> _Your instructions_: Line by line, repeat the material below exactly and skip the images.

> _Information supplied_:
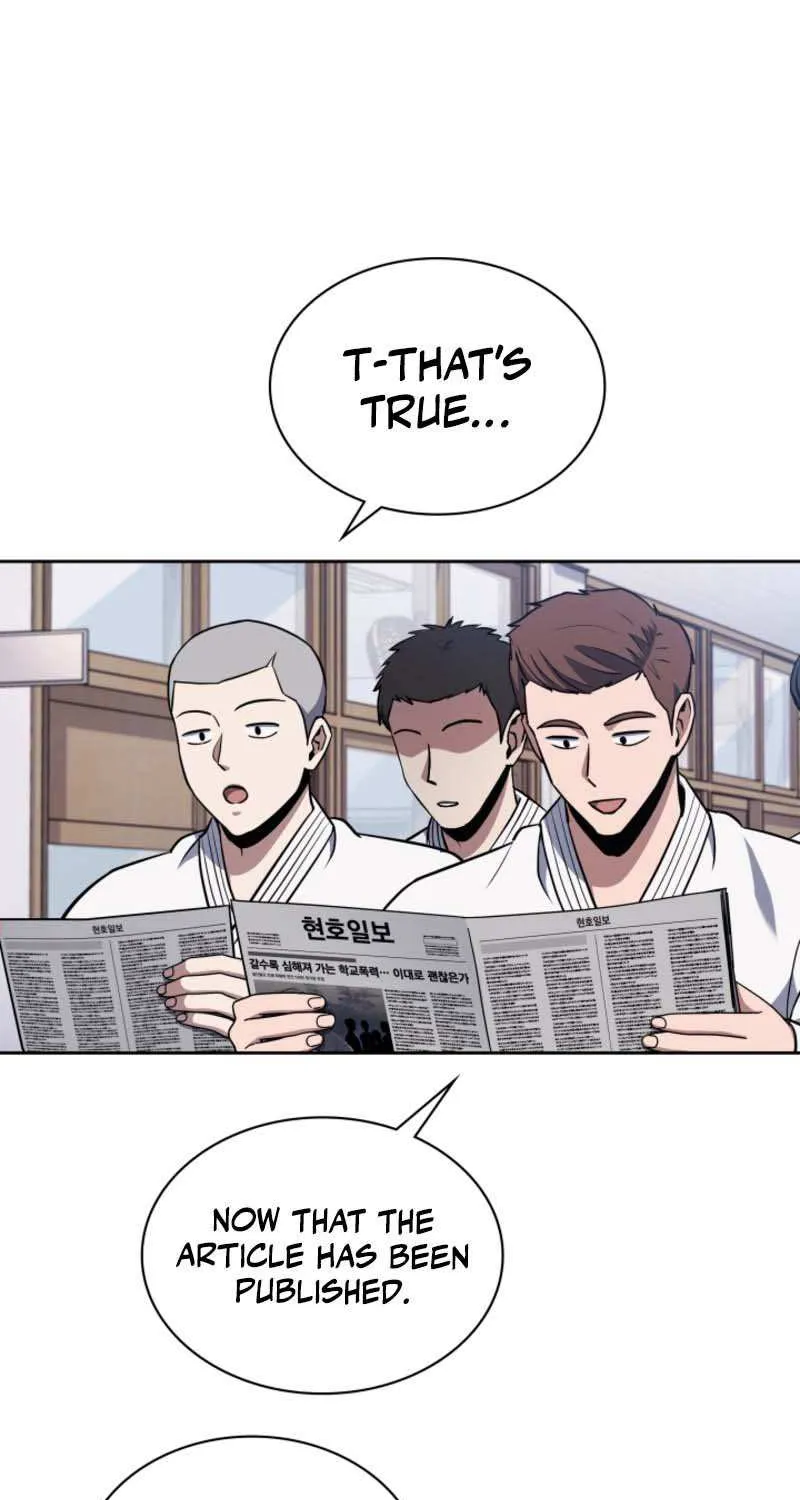 Police Returner’s Reset Life Chapter 5 page 33 - 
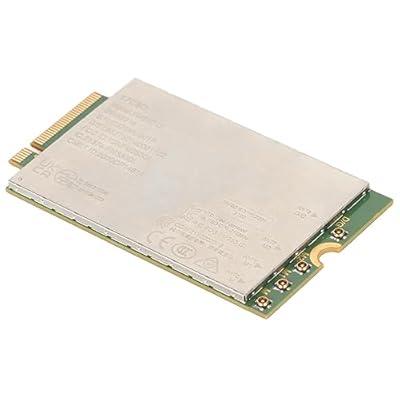 DW5931e FM350-GL M.2, Tarjeta Módulo 4G LTE MIMO 4.67Gbps Descarga 5G NR FM350 GL Adaptador ESIM Electrónica Computadoras Accesorios Componentes de Computadora Tarjetas Internas | Ya disponible en tu tienda friki favorita! En mundofriki.es!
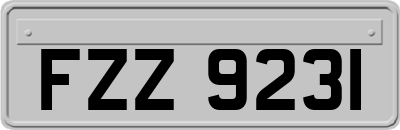 FZZ9231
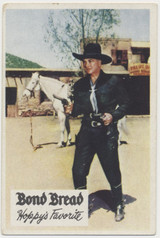 1950's Hopalong Cassidy D89-b Ways of the West  #*sku37723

> _Final answer_:
 Police Returner’s Reset Life Chapter 5 page 33 - 
 DW5931e FM350-GL M.2, Tarjeta Módulo 4G LTE MIMO 4.67Gbps Descarga 5G NR FM350 GL Adaptador ESIM Electrónica Computadoras Accesorios Componentes de Computadora Tarjetas Internas | Ya disponible en tu tienda friki favorita! En mundofriki.es!
 FZZ9231
 1950's Hopalong Cassidy D89-b Ways of the West  #*sku37723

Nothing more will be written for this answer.